Un étang heureux (conte pour enfants)
Il était une fois une petite source triste et seulette qui se morfondait dans un coin de campagne. Elle rêvait d'être une grande rivière, ou mieux, un lac très fréquenté. En se murmurant, amère : « Dire que j'ai tant dépanné d'humains en 1921 lors de l'immense sécheresse et qu'aujourd'hui je suis totalement oubliée ... »
Et, dans sa carrière de sable, elle pleurait en cachette.

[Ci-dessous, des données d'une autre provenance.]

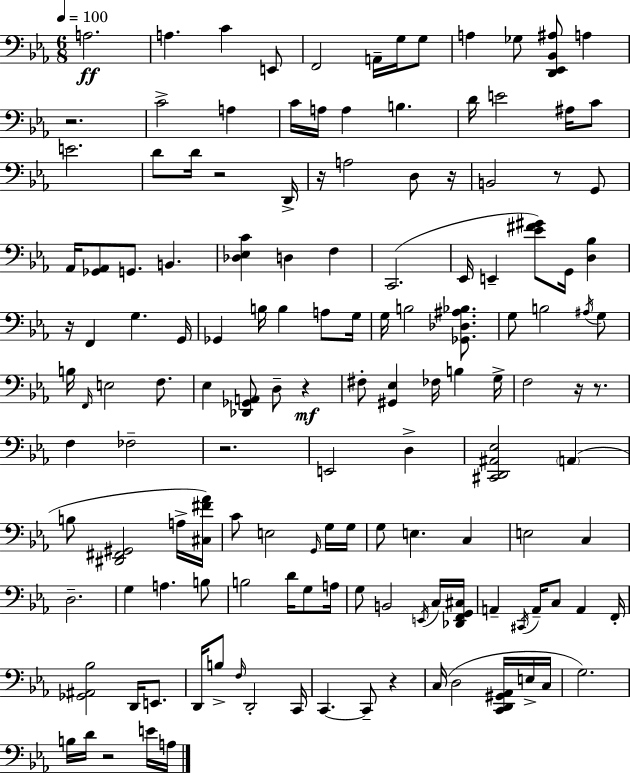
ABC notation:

Jusqu'au jour où une bergeronnette à longue queue vint la saluer. « Bonjour, pourquoi es-tu si triste?
- Je suis totalement oubliée, je ne vois personne et même les oiseaux me fuient.

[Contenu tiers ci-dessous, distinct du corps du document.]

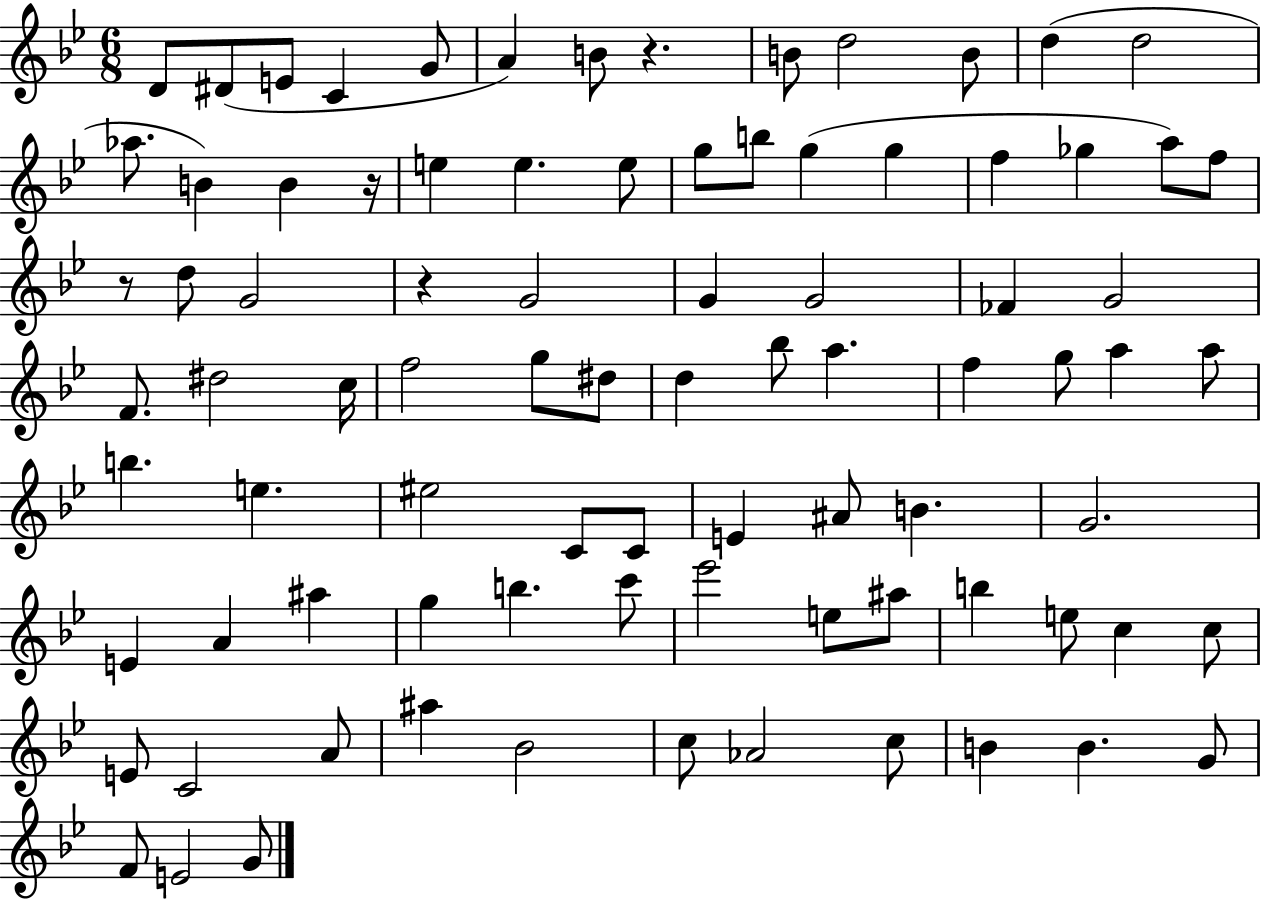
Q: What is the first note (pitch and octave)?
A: D4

- Eh bien chante au lieu de sangloter, rien de ce qui est triste n'attire et tu verras, foi de bergeronnette.
- Je suis si malheureuse ... mais je veux bien essayer. »
Et la voici qui se mit à glouglouter un bout de chanson. De son côté l'aimable oiseau fit battre du tambour par des centaines de rainettes. Puis celles-ci firent tant de bruit alentour qu'elles ameutèrent tout un peuple grouillant de vie. L'homme aussi revint la voir, la trouvant souriante et intarissable dans son bon débit de source vive.

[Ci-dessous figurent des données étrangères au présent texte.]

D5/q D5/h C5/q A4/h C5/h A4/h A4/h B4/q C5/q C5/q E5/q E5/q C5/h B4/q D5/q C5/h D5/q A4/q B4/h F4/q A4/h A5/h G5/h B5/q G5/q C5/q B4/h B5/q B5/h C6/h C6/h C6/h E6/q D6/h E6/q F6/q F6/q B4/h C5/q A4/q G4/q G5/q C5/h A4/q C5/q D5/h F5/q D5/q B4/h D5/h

Un jour, de grandes pelles entrèrent en action à sa grande surprise.
La bergeronnette toute fière : « Tu vois qu'il est utile de sourire, ne sois plus jamais triste, tu es en train de devenir l'étang d'un joli village qui va te choyer.
- Quel bonheur? Que dois-je faire encore?
- Chante, chante sans t'arrêter. »
Et la voici devenue mare, puis étang. Lorsqu'elle souriait, des vaguelettes creusaient deux joyeuses fossettes à la surface de l'eau.
Un héron curieux s'approcha:« Je reviendrai dès que tu auras du poisson »
Puis les cols-verts, les poules d'eau, les cormorans, les mouettes rieuses, les belles libellules affluèrent.
Les arbres petits et grands lui tressèrent une couronne avec les différents saules, les prunelliers, les cornouillers, noisetiers, peupliers et autres essences colorées.
L'iris jaune décora ses berges.
Et la main de l'homme l'aida à recevoir les « amours blancs»: carpes qui mangent l'herbe envahissante, brochets, tanches, gardons, gougeons, etc ...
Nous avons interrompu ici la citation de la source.